Writing the constitution was a huge endeavour. Slavery was contentious. The southern states said slavery was essential whilst the northern states denounced it as odious. Southern delegates wanted slaves counted as ‘people’, one-for-one. This was dismissed by northern delegates fearing slave states would get a permanent majority in the House of Representatives. Future president and slave-owner, James Madison proposed the three-fifths compromise where five slaves equated to three people. Madison’s proposal got unanimous support and the constitution was ratified in 1787.3 Additionally a balance was created with eleven slave states matched by non-slave states. The balance led inexorably to the Missouri Compromise in 1820.

The Missouri Compromise meant slaves taken to non-slave New Territories states became free and remained free after their return to their home state. (The compromise didn’t apply to slaves who escaped their bondage. They could be pursued and forcibly returned.4) Scott’s claim was that his rights had been breached as he hadn’t been freed on his return. He therefore began court proceedings. His case wound its way through Missouri’s court system finally reaching the Supreme Court in 1857.

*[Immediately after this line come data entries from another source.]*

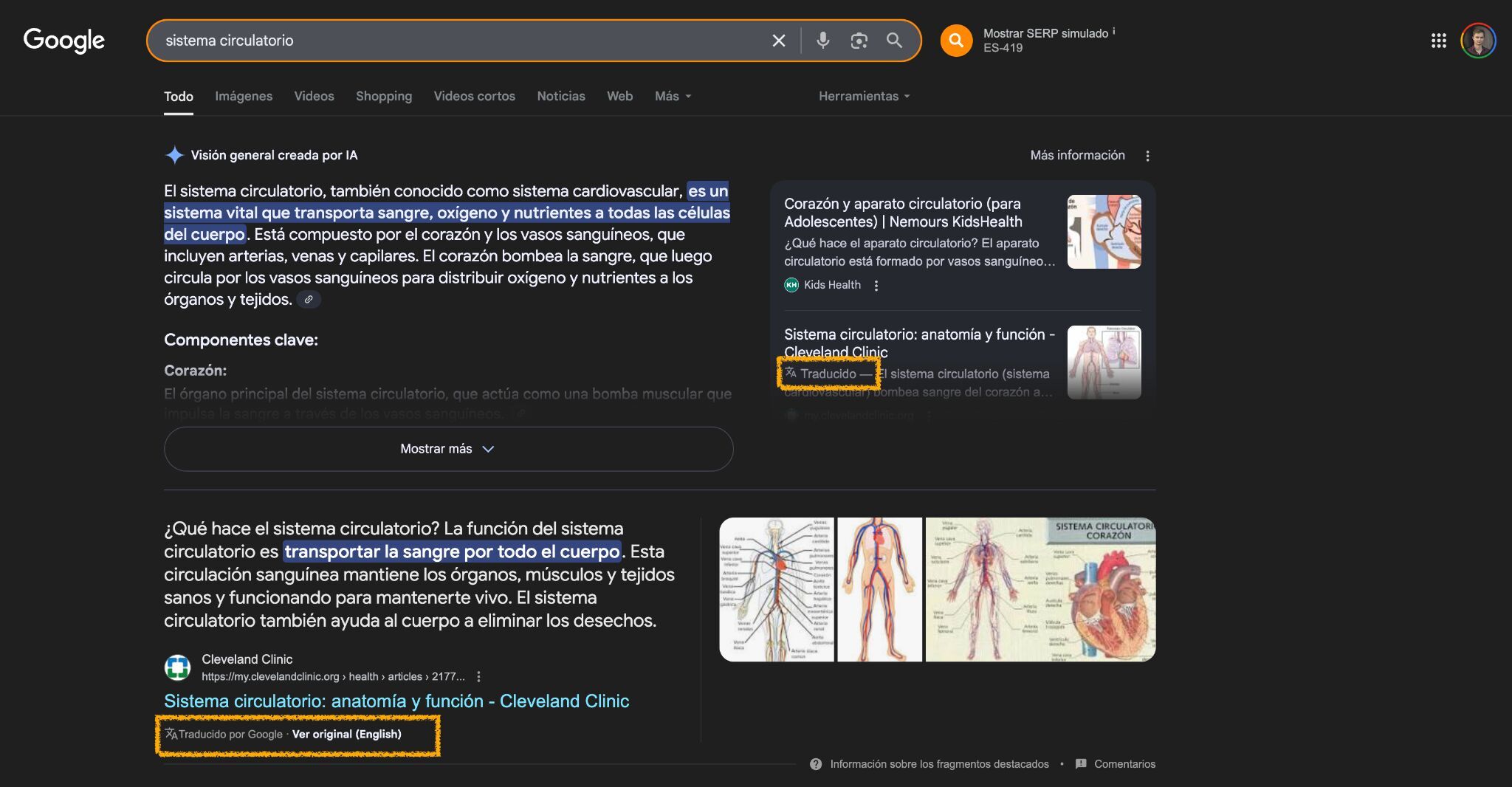 Proof of Google translating content without your consent. 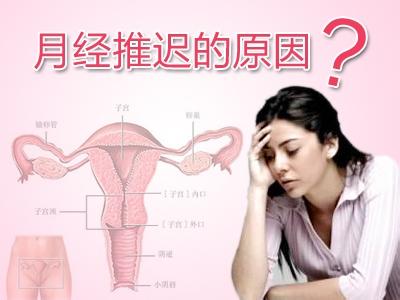 月经迟迟不来的原因(图2)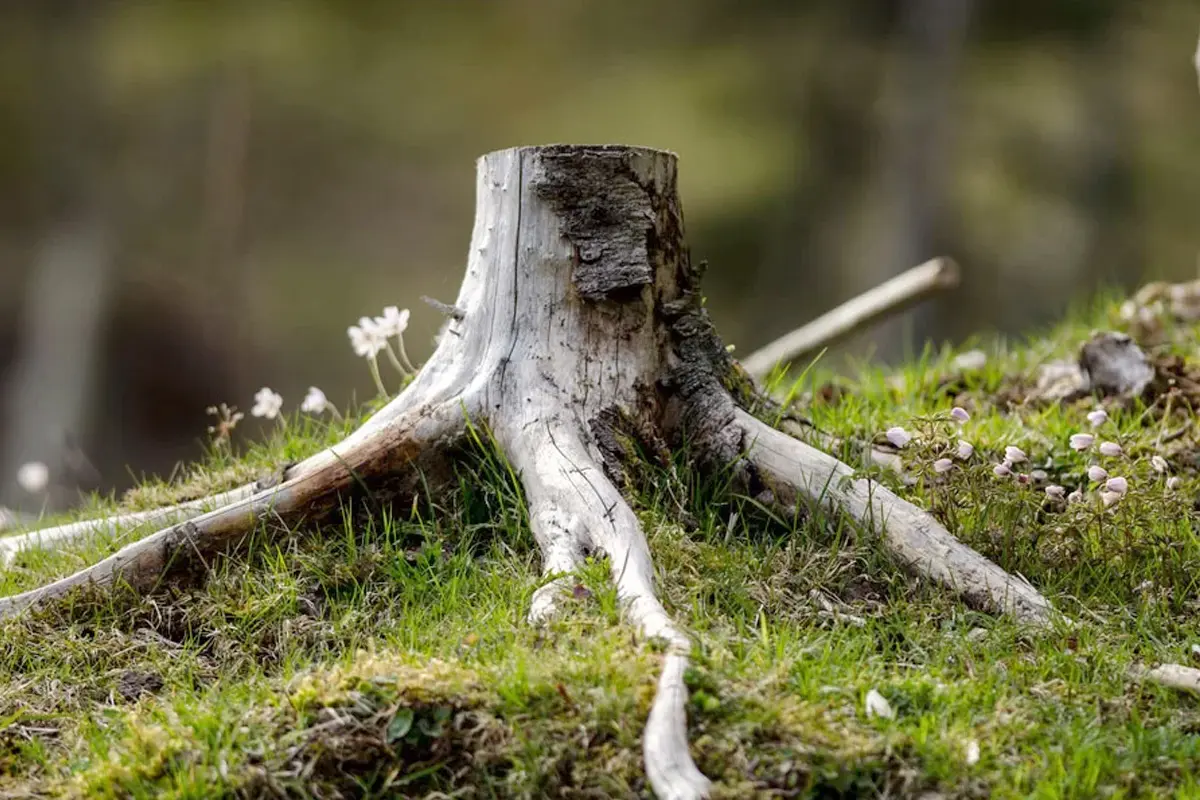 La paradontosi deve essere considerata grave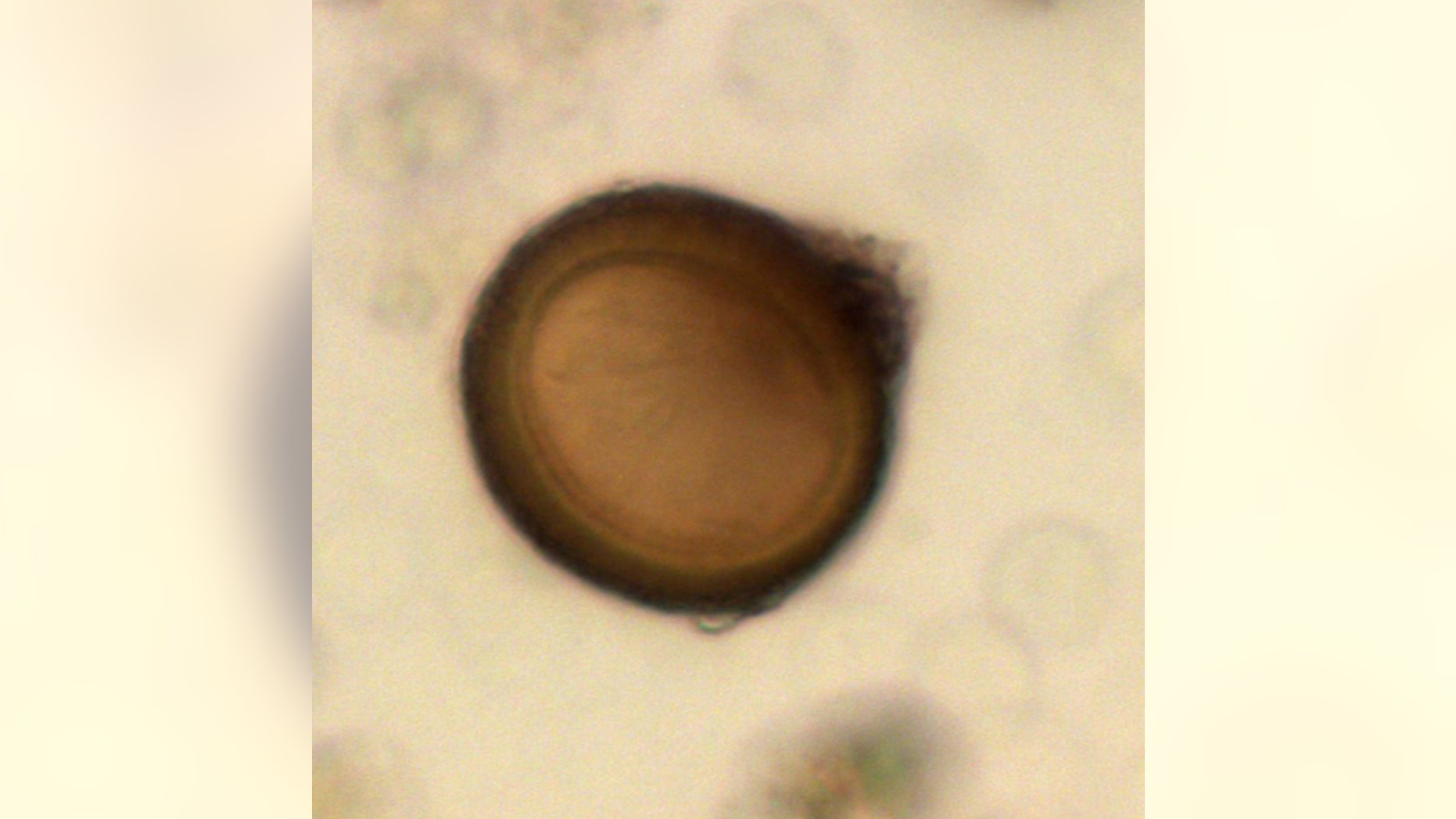 Two of the stools had low numbers of tapeworm eggs (Taenia), which have a round shape, thick walls with striations and a brown color.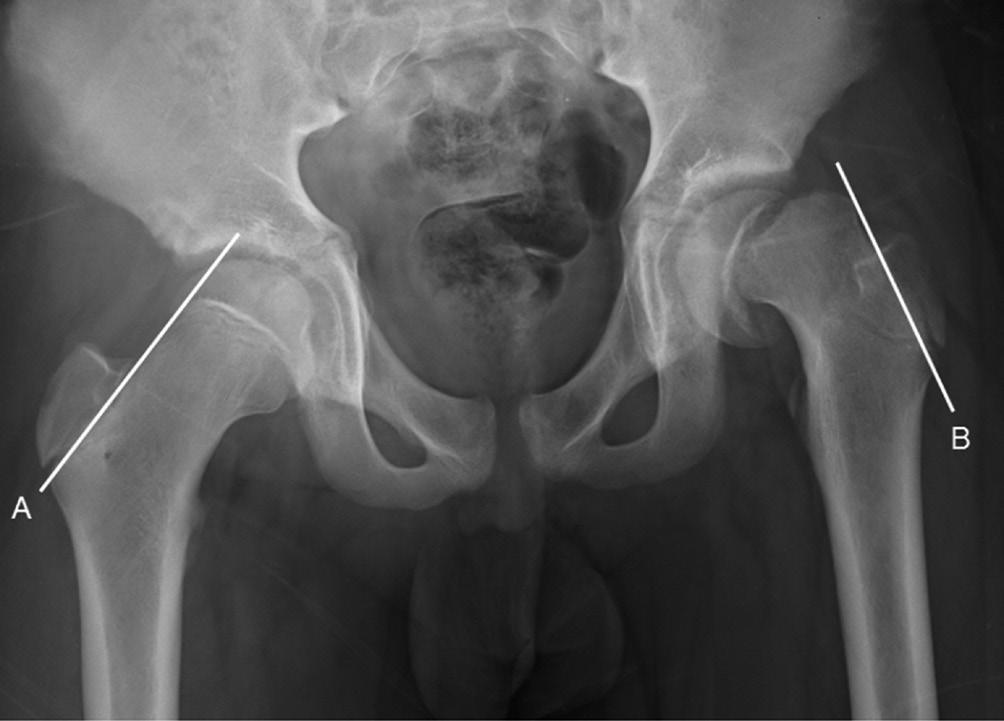 근골격방사선영상의빠르고쉬운판독 : 하지 Fig. 8. Legg-Calvé-Perthes disease.. Sclerosis of the proximal epiphysis of the left femur is seen on the P radiograph.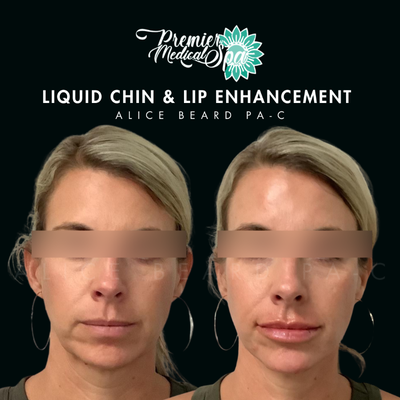 Dermal Fillers before and after photo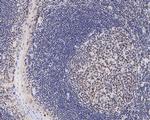 HMGB2 Antibody in Immunohistochemistry (Paraffin) (IHC (P))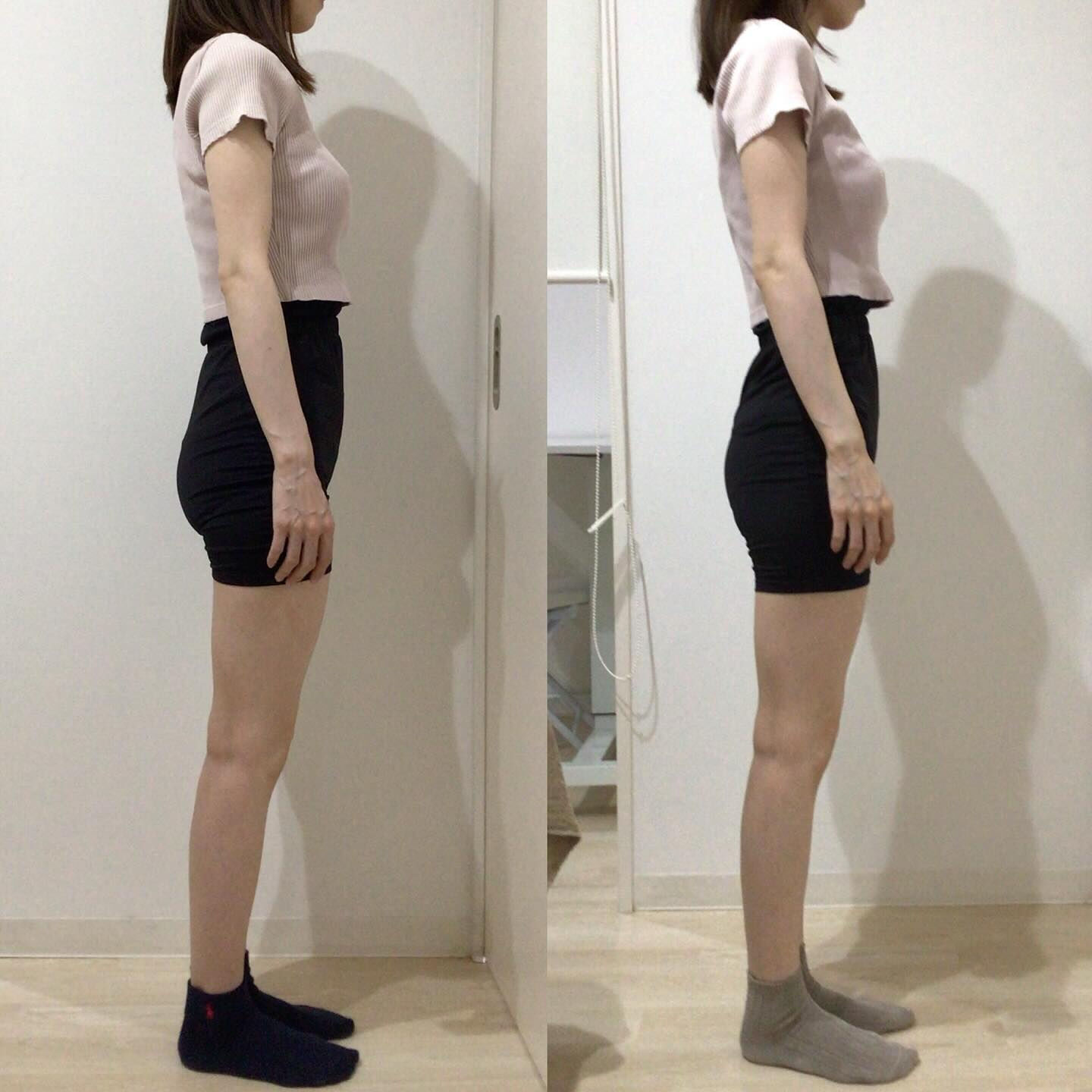 お客様Before Afterのご紹介🙋🏻‍♀️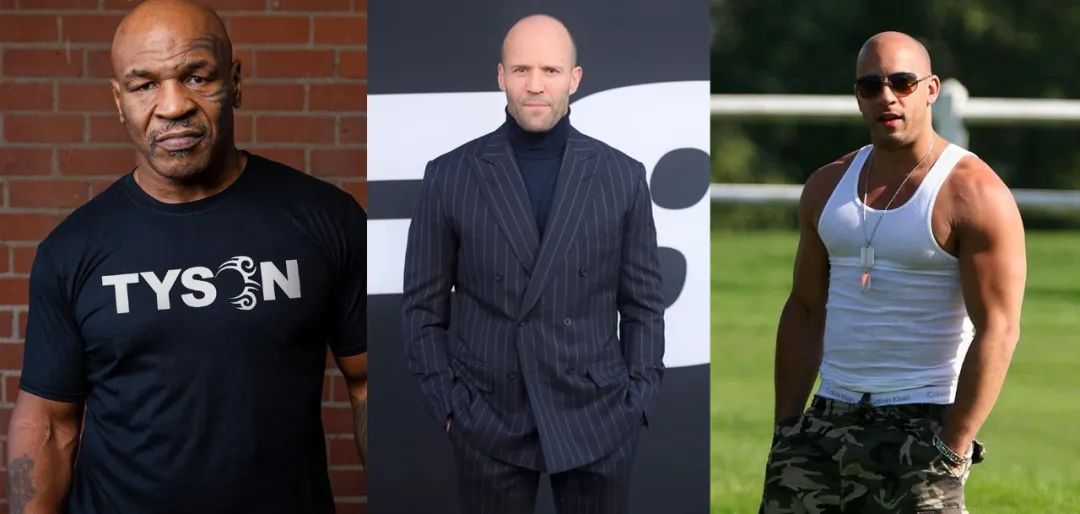 威廉王子秃顶了哈里为啥没秃顶,威廉王子为什么喜欢秃顶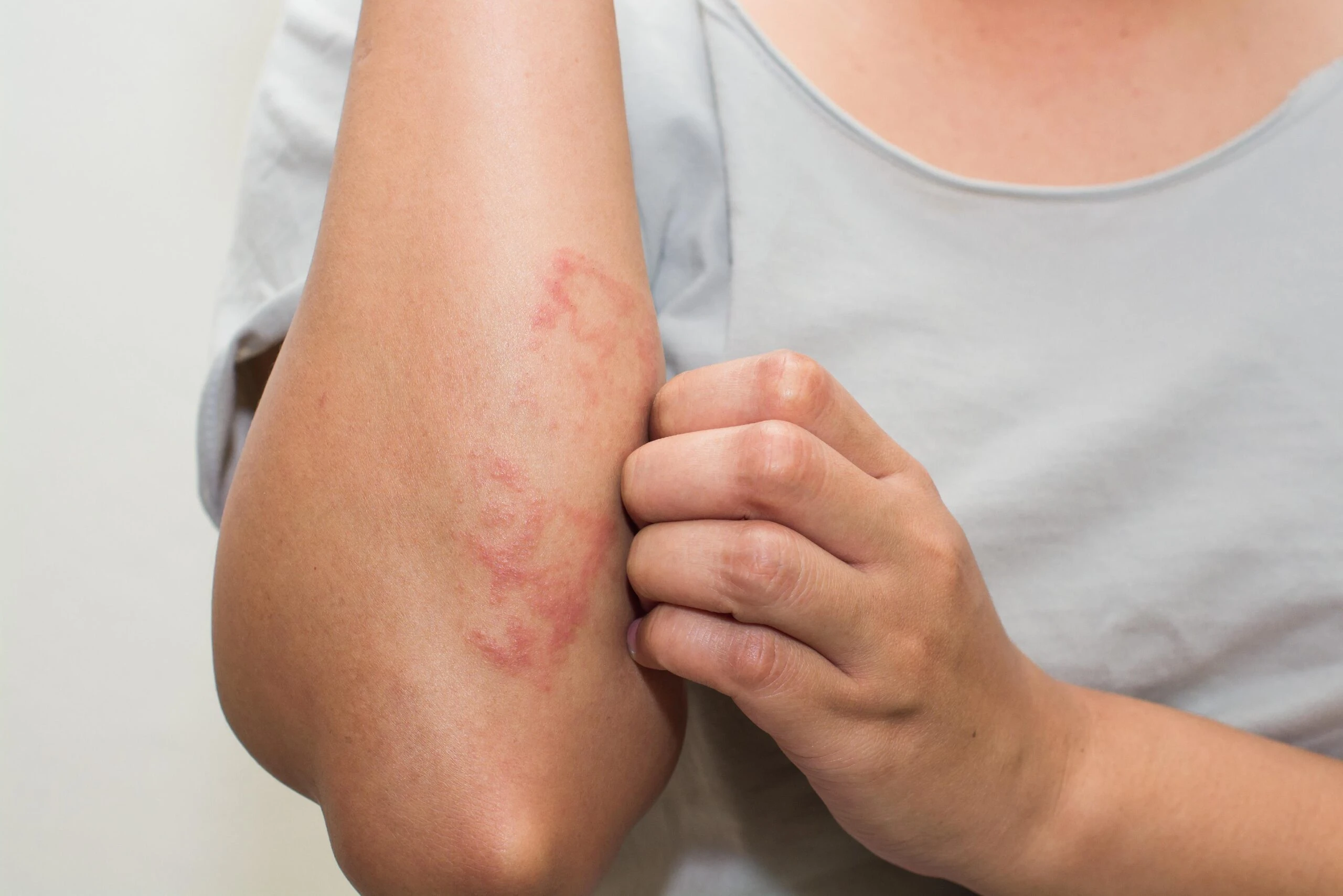 LDM local dynamic micro-ultrasound treatment for eczema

The Supreme Court, led by Chief Justice Taney,5 shocked everyone. The 7-2 majority verdict threw out Scott’s case by saying Missouri had exceeded their powers in creating the compromise in the first place. Property rights trumped state rights and Scott had no status in the USA at all as he wasn’t, and never could be, a citizen.

…A free negro of the African race, whose ancestors were brought to this country and sold as slaves, is not a “citizen” within the meaning of the Constitution of the United States…..he [Dred Scott] is not a citizen of the State of Missouri according to the Constitution of the United States..6

Taney extended slavery to the New Territories in the west by adjudicating that Every citizen has a right to take with him into the Territory any article of property which the Constitution of the United States recognises as property.7

The implications of this were profound. It altered the status quo ante for every black-American whether enslaved or not. Taney, wittingly or not, destroyed the constitutional balances built up since 1787. After this judgement the tectonic plates of mutual distaste led to civil war three years later. The Dred Scott case was a contributory factor leading to civil war.



3 The three-fifths compromise altered the demography of representation. “The Southern states, if represented equally, would have accounted for 33 of the seats in the House of Representatives. However, because of the Three-Fifths Compromise, the Southern states accounted for 47 seats in the House of Representatives of the first United States Congress of 1790.”

Paragraph 4 Section 8 is the key to this point

That in all that territory ceded by France to the United States, under the name of Louisiana, which lies north of thirty-six degrees and thirty minutes north latitude, not included within the limits of the state, contemplated by this act, slavery and involuntary servitude, otherwise than in the punishment of crimes, whereof the parties shall have been duly convicted, shall be, and is hereby, forever prohibited: Provided always, That any person escaping into the same, from whom labour or service is lawfully claimed, in any state or territory of the United States, such fugitive may be lawfully reclaimed and conveyed to the person claiming his or her labour or service as aforesaid

4 The 1772 Mansfield Judgement, in England, drew no distinction as to how a slave entered the country. All slaves were automatically freed once they landed. However slaves arriving in England did so by ship, which was a major barrier for an escape plan.

5 Taney wasn’t a slave-owner but his parents had owned slaves and he grew up in an atmosphere where slavery was normal. He was also a fervent believer in limiting federal rights on internal state policies.